И тем не менее как ни внушительны эти цифры, более пристальное рассмотрение выявляет то же злокачественное переплетение личных соперничеств и борьбы частных империй, которые становятся все ожесточеннее по мере того, как их перспективы власти зримо уменьшаются. После покушения Гиммлер был назначен командующим Внутренней, или резервной армией, вместо незадачливого Фромма. Он являлся также командующим группой армий Верхнего Рейна (организации, как Гудериан презрительно заметил, «для ловли беглецов и дезертиров»), министром внутренних дел, главой гражданской полиции и рейхсфюрером СС. При таком букете исполнительских должностей Гиммлер стал самым могущественным человеком в Германии, но на этом этапе войны, в момент приближающегося заката своего государства у Верного Генриха было тревожно на душе. Он очутился в совершенно новом и непривычном мире.
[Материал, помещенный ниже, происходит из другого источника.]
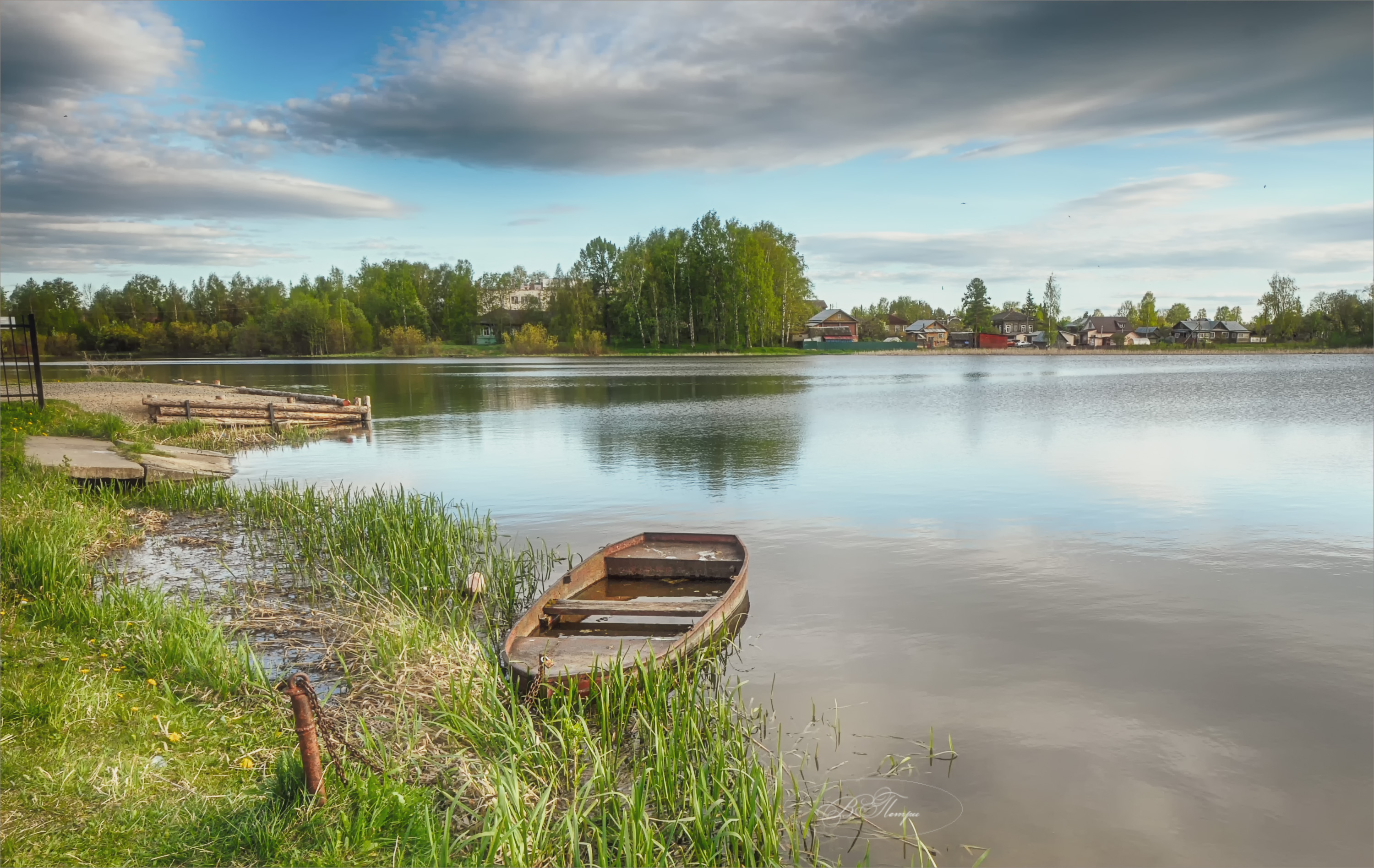 лодка озеро домики облака отражения, Вера Петри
В командной инфраструктуре его положение было странным: как командующий армией номинально он должен был подчиняться ОКВ; он стал теперь не столько первым, сколько (во всяком случае, в глазах его коллег – военных профессионалов) младшим среди равных. А еще была одна перспектива: ведь ему, возможно, придется участвовать в бою с врагами, которые вполне могут стрелять и в него, – а такой оборот дел грозил всякими страшными результатами.